R 'in the organotin salt is preferably an alkaline group having from 1 to 8 carbon atoms, more preferably a single carbon atom, and when X is halogen it is preferably chloride and x is preferably from 2 to 3. When used, the portion of the organotin halide in the non-foaming compositions of this invention is from about 5 to about 15% by weight of the thermal stabilizer used in the vinyl chloride polymer composition of this invention. When X is a carboxylate ion, it preferably has from 1 to 20 carbon atoms and is exemplified by ions of acetic, propionic, butytic, caprylic, caproic, decanoic, lauric, stearic, oleic and banzoic acids. When used, the amount of organotin carboxylate is from about 10 to about 80% of the weight of the thermal stabilizer used in the vinyl chloride polymer composition of this invention.

The organotin halides can be prepared by methods well known in the art, such as those disclosed in U.S. Patent Nos. 3,745,183, 3,857,868, and 4,134,878. They are exemplified by methyltin trichloride, dimethyltin dichloride, trioctyltin chloride, dibutyltin dibromide, diphenyltin dichloride and dibenziltin dichloride.

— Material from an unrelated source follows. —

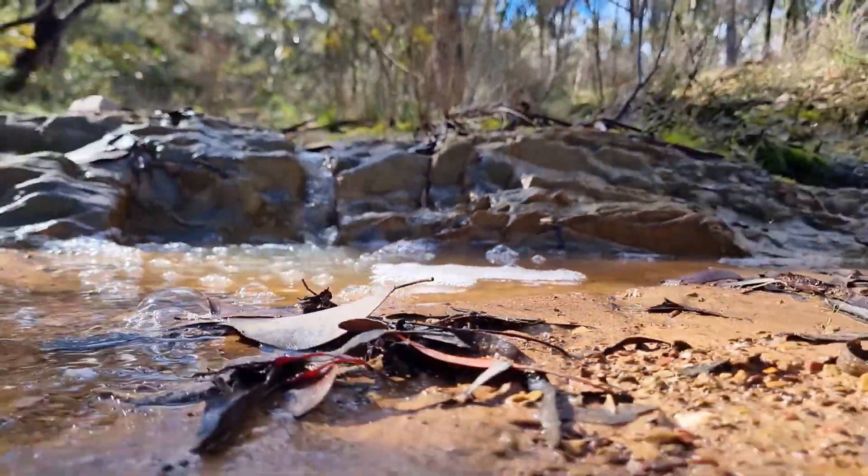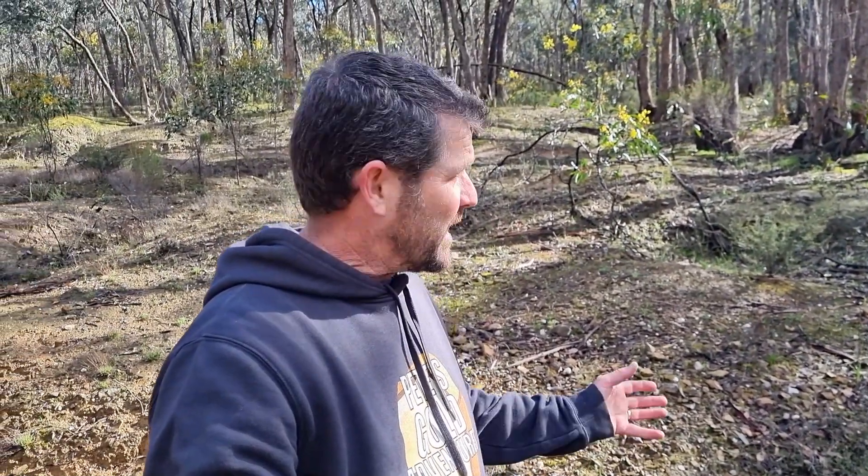G'day guys, welcome back. I am out bush, scouting for a new campground for the sub stay out. I went to the other one and she's a little bit flooded, so it's not looking great. Anyway, I've found this spot — it's not so far from the other place, just over the hill. But this one comes with nice little waterfalls, so that's pretty cool.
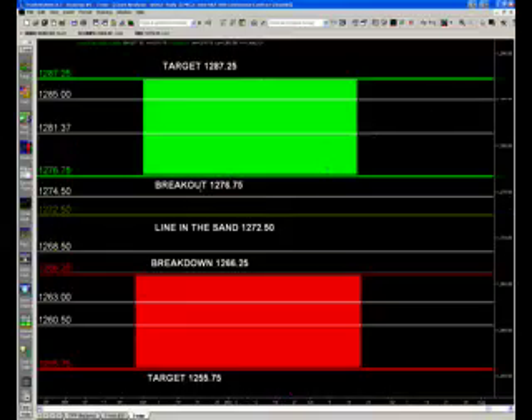My line in the sand for tomorrow is 12.72.50, and above that I'm looking for 12.74.50. As a pivot, this has been a big area — there's 12.74, 12.75 as I mentioned every evening. 12.76.75 for the breakout. We have 12.81 and a quarter, 12.81 and a half. Then we have 12.85, 12.87 and a quarter for our target.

The organotin carboxylates can be prepared by well known conventional methods such as by the reaction of an organotinhalide with carboxylic acid in the presence of a base in water or the reaction of an organotin oxide with carboxylic acid. They are exemplified by monobutyltin tris (docecylmaleate), dimethyltin azelate, diethyltin dilaurate, monobutyltin tri-tallate, and dimethyltin dibenzoate.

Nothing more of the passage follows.